But get_user_pages() -> page fault invokes the fault handler, hence deadlock. My
patch was for avoiding this deadlock when the fault handler tries locking the
same inode's map lock, but as you note this is a more general problem...

This is starting to smell like possibly what wound/wait mutexes were invented
for, a situation where we need deadlock avoidance because lock ordering is under
userspace control.

So for that we need some state describing what locks are held that we can refer
to when taking the next lock of this class - and since it's got to be shared
between the dio write path and then (via gup()) the fault handler, that means
it's pretty much going to have to hang off of task struct. Then in the fault
handler, when we go to take the map lock we:
 - return -EFAULT if it's the same lock the dio write path took
 - trylock; if that fails and lock ordering is wrong (pointer comparison of the
   locks works here) then we have to do a dance that involves bailing out and
   retrying from the top of the dio write path.

I dunno. On the plus side, if other filesystems don't want this I think this can
all be implemented in bcachefs code with only a pointer added to task_struct to
hang this lock state, but I would much rather either get buy in from the other
filesystem people and make this a general purpose facility or not do it at all.

And I'm not sure if anyone else cares about the page cache consistency issues
inherent to dio writes as much as I do... so I'd like to hear from other people
on that.
Jan Kara Dec. 19, 2019, 11:36 a.m. UTC | #3
On Wed 18-12-19 14:11:14, Kent Overstreet wrote:
> On Wed, Dec 18, 2019 at 01:40:52PM +0100, Jan Kara wrote:
> > On Mon 16-12-19 14:38:52, Kent Overstreet wrote:
> > > Pagecache consistency:
> > > 
> > > I recently got rid of my pagecache add lock; that added locking to core paths in
> > > filemap.c and some found my locking scheme to be distastefull (and I never liked
> > > it enough to argue). I've recently switched to something closer to XFS's locking
> > > scheme (top of the IO paths); however, I do still need one patch to the
> > > get_user_pages() path to avoid deadlock via recursive page fault - patch is
> > > below:
> > > 
> > > (This would probably be better done as a new argument to get_user_pages(); I
> > > didn't do it that way initially because the patch would have been _much_
> > > bigger.)
> > > 
> > > Yee haw.
> > > 
> > > commit 20ebb1f34cc9a532a675a43b5bd48d1705477816
> > > Author: Kent Overstreet <kent.overstreet@gmail.com>
> > > Date:   Wed Oct 16 15:03:50 2019 -0400
> > > 
> > >     mm: Add a mechanism to disable faults for a specific mapping
> > >     
> > >     This will be used to prevent a nasty cache coherency issue for O_DIRECT
> > >     writes; O_DIRECT writes need to shoot down the range of the page cache
> > >     corresponding to the part of the file being written to - but, if the
> > >     file is mapped in, userspace can pass in an address in that mapping to
> > >     pwrite(), causing those pages to be faulted back into the page cache
> > >     in get_user_pages().
> > >     
> > >     Signed-off-by: Kent Overstreet <kent.overstreet@gmail.com>
> > 
> > I'm not really sure about the exact nature of the deadlock since the
> > changelog doesn't explain it but if you need to take some lockA in your
> > page fault path and you already hold lockA in your DIO code, then this
> > patch isn't going to cut it.
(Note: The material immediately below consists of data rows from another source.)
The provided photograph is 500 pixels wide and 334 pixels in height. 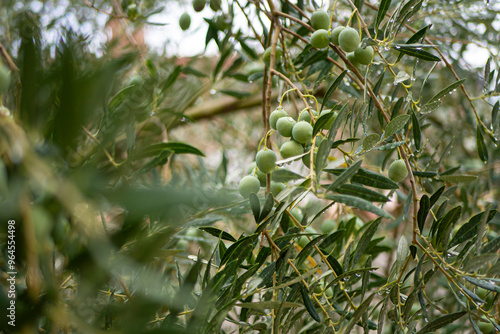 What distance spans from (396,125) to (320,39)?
0.21m

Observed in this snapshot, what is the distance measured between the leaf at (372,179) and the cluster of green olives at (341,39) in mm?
199

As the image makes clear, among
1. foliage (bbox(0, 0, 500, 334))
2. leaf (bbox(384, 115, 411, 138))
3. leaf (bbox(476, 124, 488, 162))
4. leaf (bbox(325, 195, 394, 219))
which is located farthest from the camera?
leaf (bbox(476, 124, 488, 162))

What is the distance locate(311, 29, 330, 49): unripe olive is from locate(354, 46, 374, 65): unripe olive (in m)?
0.05

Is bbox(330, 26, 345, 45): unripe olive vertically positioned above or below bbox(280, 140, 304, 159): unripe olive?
above

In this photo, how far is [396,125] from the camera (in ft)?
2.00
Just think of a malicious scheme with two
> > tasks one doing DIO from fileA (protected by lockA) to buffers mapped from
> > fileB and the other process the other way around...
> 
> Ooh, yeah, good catch...
> 
> The lock in question is - for the purposes of this discussion, a RW lock (call
> it map lock here): the fault handler and the buffered IO paths take it it read
> mode, and the DIO path takes it in write mode to block new pages being added to
> the page cache.
> 
> But get_user_pages() -> page fault invokes the fault handler, hence
> deadlock. My patch was for avoiding this deadlock when the fault handler
> tries locking the same inode's map lock, but as you note this is a more
> general problem...
> 
> This is starting to smell like possibly what wound/wait mutexes were
> invented for, a situation where we need deadlock avoidance because lock
> ordering is under userspace control.
> 
> So for that we need some state describing what locks are held that we can
> refer to when taking the next lock of this class - and since it's got to
> be shared between the dio write path and then (via gup()) the fault
> handler, that means it's pretty much going to have to hang off of task
> struct. Then in the fault handler, when we go to take the map lock we:
>  - return -EFAULT if it's the same lock the dio write path took
>  - trylock; if that fails and lock ordering is wrong (pointer comparison of the
>    locks works here) then we have to do a dance that involves bailing out and
>    retrying from the top of the dio write path.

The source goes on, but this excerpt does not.